Ah! The sound of the city echoes around the room courtesy of Erotic Secrets of Pompeii. “The End of Love” struts about like a song on a mission to smite mediocrity with a musical sword made the of best theatrical steel. Play loud!
“Empty Shoulders” is the kind of song where meandering sounds wander about in search of greater things as the - wondrously named - Faux Fur Bean Cube emotes in the foreground. A mite pretentious perhaps but there is a certain hypnotic quality to it.
Now this is more like it. Grungy guitars, lost in space drums and a wandering female voice decorate “Artemisia” duly turning the song into a headphone weapon. The fast fade allows Faux Machismo to escape back into the night.
Speak Easy Circus are clearly a band with rather greater lyrical purpose than most and “Lions Should Hunt” is also decorated with copious amounts of well-schooled, even adventurous, musicianship. This one might even make a beard scratcher dance.
Appealing lo-fi power pop from The Third Cut with “Sugar, Stop” having more than enough steam to make it all the way to the bridge and back again. I had to fight the urge to sing along to this song which some will take as a good sign.
Oh, so classy! Jealous Tina are about as smooth as you can get without actually coming out as jazz and “Sweet Eyes” reverberates to the sound of a spell cast solely to entrance the ears of the discerning. Finger snapping good.
Ethnic influences abound in “Luz” and serve to effectively add a pleasing organic quality to the underlying looped electronica. Belau have duly made this song soothing, easy on the ear and, yet, still interesting.
“Player” rolls like it should be in a television montage yet, despite the cut to the click vibe, Zsüd still manages to infuse the song with echoes of all the spiritual emptiness that today has to offer. Indeed a song of our time.
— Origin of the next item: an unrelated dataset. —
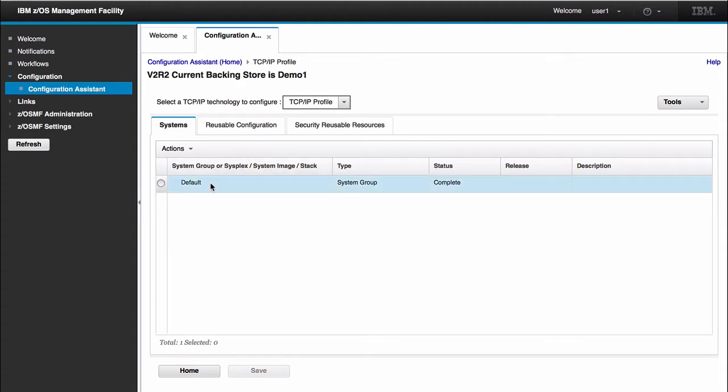In the Systems tab, you will see that we have this default group. Under this group is where you would configure your LPARs and your stacks. You also have an ability to create sysplexes. That's why we have the default group. For this demo, what I would like to do is just create an LPAR and a stack and show you how that configuration creates a TCP/IP profile.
Curiously spacious to the point of emptiness (ha!), “2Sides” seems more or less urban but the minimalist style demonstrates that the mechanism of repetition and precipitous processing can evoke something that is more atmospheric than you might expect.
That Nashville sound pervades “She’s Not me” with Kirsten Kae giving it all she can to turn this into the kind of radio friendly song to make pickup trucks bounce up and down at the traffic lights of life. Polished it is, as such songs always are.
Americana in style and reticent in approach, Forty Elephant Gang move their song “Songs of Praise” backwards in time to the days of the hangman’s noose. Redemption is the direction and the guitar is the signpost. You could worse that follow those chords.
I like the sound of a death metal band ticking all the expected style boxes in the morning. It smells like a videogame soundtrack to me. Riffing and rasping all the way, TreyHarsh put “Agoraphobic” on to the train and give it full steam ahead.